12.4.16

Shani temple lifts ban on women

A 400 year-old tradition of not allowing women the right to offer prayers at the `chauthara' (sacred platform) or touch the deity at the Shani Shingnapur temple in Ahmednagar district of Maharashtra came to an end on Friday .
Pushpak Kewadkar and Priyanaka Jagtap, two women activists from Bhumata Mahila Brigade, a splinter group of the Trupti Desai-led Bhumata Ranaragini Brigade, climbed to the platform and performed a puja around 5 pm.
Desai, who has been spreading the campaign for entry of female devotees at Shani Shingnapur and other shrines in the state for six months, reached the temple with her supporters at 6.30 pm.
As she offered milk and oil to the idol a few women, mostly villagers, wept over seeing the end of a “tradition they were proud of “.
Villagers had foiled attempts by several women activists to enter the restricted area before and on April 2, despite a high court ruling on March 30. But the old tradition of performing an `abhishek' using holy water on Gudi Padwa hastened matters.
Friday is also Gudi Padwa, the Marathi new year, and a larger group of men, who had brought water from Varanasi and the Godavari river, arrived at the temple to perform the abhishek for the deity on the auspicious occasion.
What began with a determination by this group to not give up the Jal Puja tradition ended in giving women access to the `chauthara' in Shani Shingnapur once the men forcibly entered the restricted area which the temple trust had said was out-of-bounds for both men and women.
The trustees, who had announced a few weeks ago that these rituals had been cancelled, did not act when the group performed the abhishek.
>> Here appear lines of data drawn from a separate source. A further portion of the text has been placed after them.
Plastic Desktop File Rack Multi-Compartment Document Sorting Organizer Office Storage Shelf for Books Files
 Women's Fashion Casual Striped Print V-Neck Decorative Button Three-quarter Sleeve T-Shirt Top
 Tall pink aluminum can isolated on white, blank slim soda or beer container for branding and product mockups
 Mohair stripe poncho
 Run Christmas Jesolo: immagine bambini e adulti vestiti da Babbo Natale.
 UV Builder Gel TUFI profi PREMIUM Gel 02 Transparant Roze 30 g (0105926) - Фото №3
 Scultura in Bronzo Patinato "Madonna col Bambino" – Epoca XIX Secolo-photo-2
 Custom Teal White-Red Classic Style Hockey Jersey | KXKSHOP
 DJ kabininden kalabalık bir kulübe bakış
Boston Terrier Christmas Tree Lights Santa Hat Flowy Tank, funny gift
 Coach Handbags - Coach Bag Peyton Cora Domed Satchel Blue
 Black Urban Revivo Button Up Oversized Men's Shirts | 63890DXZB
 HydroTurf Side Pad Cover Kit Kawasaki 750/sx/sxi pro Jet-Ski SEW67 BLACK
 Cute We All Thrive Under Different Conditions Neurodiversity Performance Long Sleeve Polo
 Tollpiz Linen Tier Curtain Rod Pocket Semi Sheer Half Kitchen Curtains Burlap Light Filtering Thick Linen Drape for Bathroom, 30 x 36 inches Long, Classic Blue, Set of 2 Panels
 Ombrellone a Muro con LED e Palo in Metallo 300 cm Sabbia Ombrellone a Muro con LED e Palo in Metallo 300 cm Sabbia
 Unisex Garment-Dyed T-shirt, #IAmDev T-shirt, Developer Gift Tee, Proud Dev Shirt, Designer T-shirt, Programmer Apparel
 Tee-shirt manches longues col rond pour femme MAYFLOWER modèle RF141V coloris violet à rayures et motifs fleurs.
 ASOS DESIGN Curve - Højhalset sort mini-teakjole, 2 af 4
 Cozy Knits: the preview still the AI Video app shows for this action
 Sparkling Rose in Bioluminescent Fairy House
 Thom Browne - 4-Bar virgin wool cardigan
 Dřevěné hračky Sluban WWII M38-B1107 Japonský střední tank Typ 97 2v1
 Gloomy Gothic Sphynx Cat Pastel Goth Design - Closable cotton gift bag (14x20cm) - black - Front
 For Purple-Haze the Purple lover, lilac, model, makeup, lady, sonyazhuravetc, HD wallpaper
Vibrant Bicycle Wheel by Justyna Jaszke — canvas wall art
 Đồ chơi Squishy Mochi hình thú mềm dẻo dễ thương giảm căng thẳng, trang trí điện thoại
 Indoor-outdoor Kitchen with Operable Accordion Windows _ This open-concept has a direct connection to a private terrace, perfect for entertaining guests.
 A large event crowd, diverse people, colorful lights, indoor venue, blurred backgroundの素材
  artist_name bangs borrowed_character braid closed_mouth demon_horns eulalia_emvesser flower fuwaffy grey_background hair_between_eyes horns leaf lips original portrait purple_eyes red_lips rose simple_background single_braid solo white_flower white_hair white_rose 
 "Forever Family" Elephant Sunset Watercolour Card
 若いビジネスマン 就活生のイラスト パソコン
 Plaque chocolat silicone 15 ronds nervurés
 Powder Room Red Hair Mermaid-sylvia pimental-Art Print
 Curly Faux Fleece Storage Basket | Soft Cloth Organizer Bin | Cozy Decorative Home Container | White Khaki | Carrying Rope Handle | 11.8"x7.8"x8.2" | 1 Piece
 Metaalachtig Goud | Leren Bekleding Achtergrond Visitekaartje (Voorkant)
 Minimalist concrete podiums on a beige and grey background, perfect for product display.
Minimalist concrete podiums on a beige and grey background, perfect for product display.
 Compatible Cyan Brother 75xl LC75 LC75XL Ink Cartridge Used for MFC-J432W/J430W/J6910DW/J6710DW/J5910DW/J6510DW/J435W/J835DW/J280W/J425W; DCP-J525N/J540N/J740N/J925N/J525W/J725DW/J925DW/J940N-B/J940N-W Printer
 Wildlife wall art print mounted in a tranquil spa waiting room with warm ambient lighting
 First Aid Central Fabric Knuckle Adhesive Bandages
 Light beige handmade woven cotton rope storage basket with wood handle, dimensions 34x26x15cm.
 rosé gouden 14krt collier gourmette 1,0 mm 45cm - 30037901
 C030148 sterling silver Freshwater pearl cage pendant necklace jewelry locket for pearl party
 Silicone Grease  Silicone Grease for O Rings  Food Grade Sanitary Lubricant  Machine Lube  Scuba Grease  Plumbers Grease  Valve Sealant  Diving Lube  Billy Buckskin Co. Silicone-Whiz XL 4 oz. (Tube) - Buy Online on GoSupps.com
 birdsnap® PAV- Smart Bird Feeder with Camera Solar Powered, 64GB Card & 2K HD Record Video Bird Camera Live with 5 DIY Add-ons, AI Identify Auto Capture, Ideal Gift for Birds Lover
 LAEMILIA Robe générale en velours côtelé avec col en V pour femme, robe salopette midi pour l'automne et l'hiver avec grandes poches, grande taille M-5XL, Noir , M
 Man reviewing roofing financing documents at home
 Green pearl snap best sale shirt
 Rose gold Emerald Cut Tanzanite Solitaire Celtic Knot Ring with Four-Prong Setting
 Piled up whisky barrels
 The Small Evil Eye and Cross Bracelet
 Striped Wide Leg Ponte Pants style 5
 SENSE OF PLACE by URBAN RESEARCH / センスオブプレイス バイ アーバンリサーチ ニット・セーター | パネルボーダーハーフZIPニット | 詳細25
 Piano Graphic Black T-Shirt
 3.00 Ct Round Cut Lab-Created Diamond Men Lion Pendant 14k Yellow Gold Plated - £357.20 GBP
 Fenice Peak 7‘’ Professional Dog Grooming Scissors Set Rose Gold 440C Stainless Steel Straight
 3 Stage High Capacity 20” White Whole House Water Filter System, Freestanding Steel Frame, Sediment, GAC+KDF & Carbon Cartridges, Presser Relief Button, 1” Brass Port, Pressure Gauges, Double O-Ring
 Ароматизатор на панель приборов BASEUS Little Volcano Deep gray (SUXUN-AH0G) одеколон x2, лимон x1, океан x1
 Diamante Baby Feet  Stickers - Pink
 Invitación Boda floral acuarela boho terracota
Soon after, the trustees met and announced unrestricted entry to all devotees, men and women, falling in line with the Bombay high court's directive on March 30. “The aggression shown by the villagers forced us to allow women access to the prohibited area of the shrine. If we had not taken such a stand, it would mean contempt of the court,“ Nanasaheb Bankar, vice-president of Shani Shingnapur temple trust said on Friday . He said all devotees would be allowed to climb to the chauthara where the deity stands.

Several women devotees, including regular visitors to the Shani Shingnapur temple on Friday, preferred to take darshan of the deity from a distance even though they could climb up to the erstwhile restricted area. Many described breaking the tradition as “desecration“, adding that those responsible for it would have to “suffer“.